As we said before, one on the problems we had when migrating to AWS was that the backend system was putting a lot of stress on the server. After a week of benchmarking we realized that the protocol we where using to communicate between the different subsystems we have was the main responsible for the load increment.

From day one we didn’t want to use complex and cryptic protocols so we chose xmlrpc for our communication channel. It was easy to implement, had wide support in php and python and was very easy to debug. We knew that at some point we would need to switch to a more efficient protocol, but we didn’t know it was going to be so soon.

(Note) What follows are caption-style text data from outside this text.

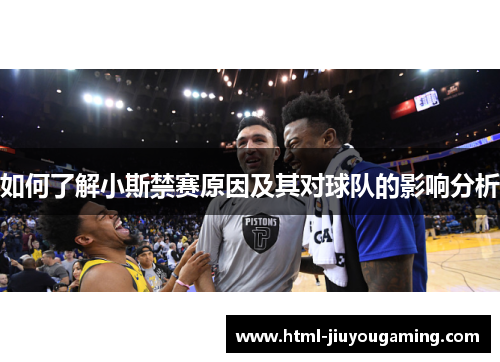 如何了解小斯禁赛原因及其对球队的影响分析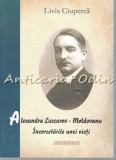 Cumpara ieftin Alexandru Lascarov-Moldoveanu - Livia Ciuperca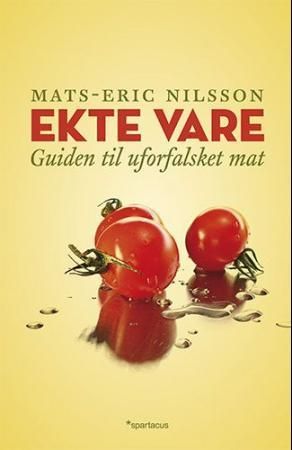 "Ekte vare guiden til uforfalsket mat" av Mats-Eric Nilsson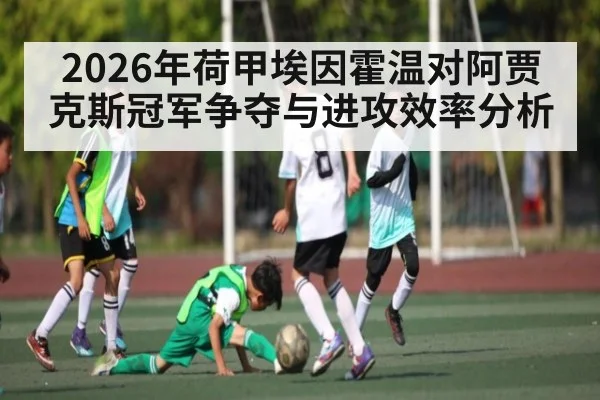 2026年荷甲埃因霍温对阿贾克斯冠军争夺与进攻效率分析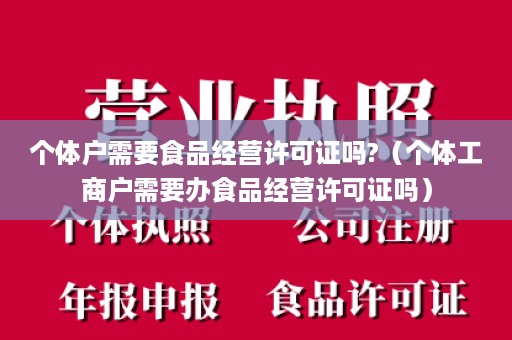 个体户需要食品经营许可证吗?（个体工商户需要办食品经营许可证吗）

After doing some extensive benchmarking we realize that the through output of the protocol was very low, not only that, if too many xmlrpc connections were spawned it would eventually consume all resources of the process (file descriptors, sockets and memory). This was a painful lesson to learn, but we did. So we switched to the most efficient protocol we could found, that is binary. To be more precise we employ python’s cPickle binary protocol. Saying that the use of this is orders of magnitude more efficient is not even close :P

So after switching each subsystem to the new protocol we saw the load of the machines going down. As with all big changes in the backend of any system, it took a while to stabilize it. To avoid any havoc we actually put it into production subsystem by subsystem so during some time we had both protocols running at the same time.

And so, always remember that the choices you make will come to hunt you if not done correctly ;)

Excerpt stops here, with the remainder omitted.